Los arrestados utilizaban diversos complementos y disfraces para pasar desapercibidos mientras localizaban a sus víctimas, las seguían o cometían los delitos. En algunas ocasiones llegaron a emplear un kit compuesto por herramientas para romper lunas y chinchetas para pinchar neumáticos, además de sistemas de comunicación con auriculares y micrófonos para coordinar sus acciones. A los detenidos se les atribuyen seis hurtos cometidos en Madrid (2), Málaga (2), Sevilla y Valencia, con un botín aproximado de 200.000 euros.
Un piso en Madrid como centro de operaciones
La investigación se inició el pasado mes de enero, tras detectarse dos hurtos en oficinas bancarias de Sevilla y Málaga, en los que los autores lograron sustraer más de 100.000 euros. En uno de los casos se apoderaron del cajetín registradory, en otro, aprovecharon un descuido para llevarse una elevada cantidad de dinero que un empleado había dejado sobre su mesa al salir de la sucursal para ayudar a una persona que fingía tener la tarjeta atascada.

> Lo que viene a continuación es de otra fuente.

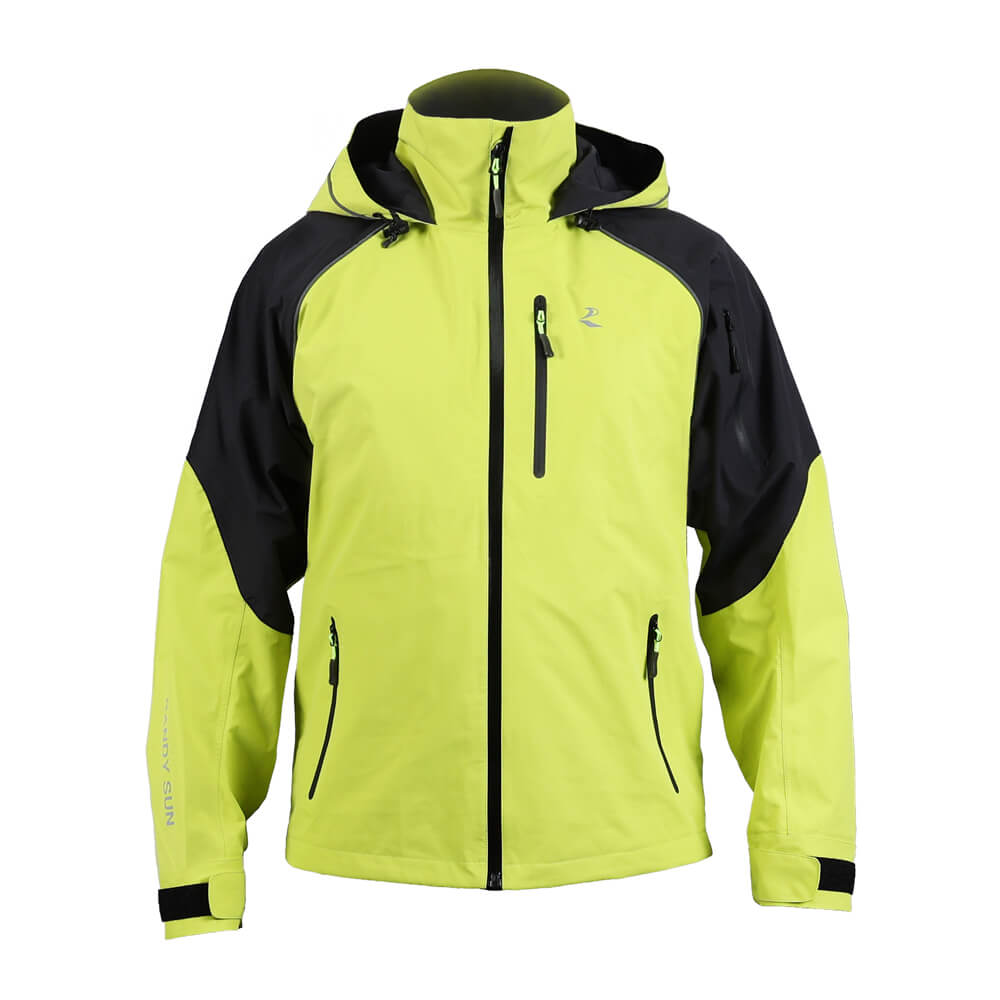 randy sun rain jacket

Las pesquisas permitieron determinar que se trataba de un grupo criminal itinerante con base logística en Madrid. Desde un piso de la capital planificaban las actuaciones, repartían funciones y almacenaban el material que utilizaban en los delitos. Para desplazarse por la ciudad empleaban preferentemente transporte público, mientras que para los desplazamientos a otras comunidades autónomas utilizaban vehículos, conscientes de que la distancia dificultaría su posterior identificación.
Pinchazos de ruedas y distracciones para cometer los hurtos
El modus operandi del grupo se basaba en técnicas de distracción, utilizando elementos como gorras o gafas para ocultar su identidad. En algunos casos incluso se hacían pasar por personas de edad avanzada o con discapacidad, empleando un bastón para ganar credibilidad. Para mantener entretenidas a las víctimas, llegaron a pinchar los neumáticos de los vehículos con chinchetas o romper lunas, aprovechando la confusión para cometer los hurtos.
La coordinación entre los miembros era constante durante las actuaciones, utilizando auriculares y micrófonos para comunicarse en tiempo real y ajustar sus movimientos.
Detenciones en dos fases y múltiples identidades
Tras varios meses de investigación, los agentes lograron identificar a los integrantes más activos del entramado y desplegaron un dispositivo policial que permitió su detención en dos fases. Uno de los arrestos se produjo cuando uno de los implicados intentaba abandonar España desde el aeropuerto de Madrid-Barajas, mientras que el resto fue interceptado cuando realizaban un briefing en plena vía pública, en el centro de Madrid, para planificar nuevos asaltos.
Los cuatro detenidos han sido puestos a disposición judicial como presuntos autores de un delito de pertenencia a grupo criminal y seis delitos de hurto, ingresando dos de ellos en prisión. Los investigadores comprobaron además que uno de los arrestados utilizaba hasta 18 identidades diferentes para dificultar la acción policial.
Hasta el momento, el valor de las ganancias ilícitas atribuidas al grupo asciende a unos 200.000 euros, aunque la investigación permanece abierta y no se descartan nuevas detenciones.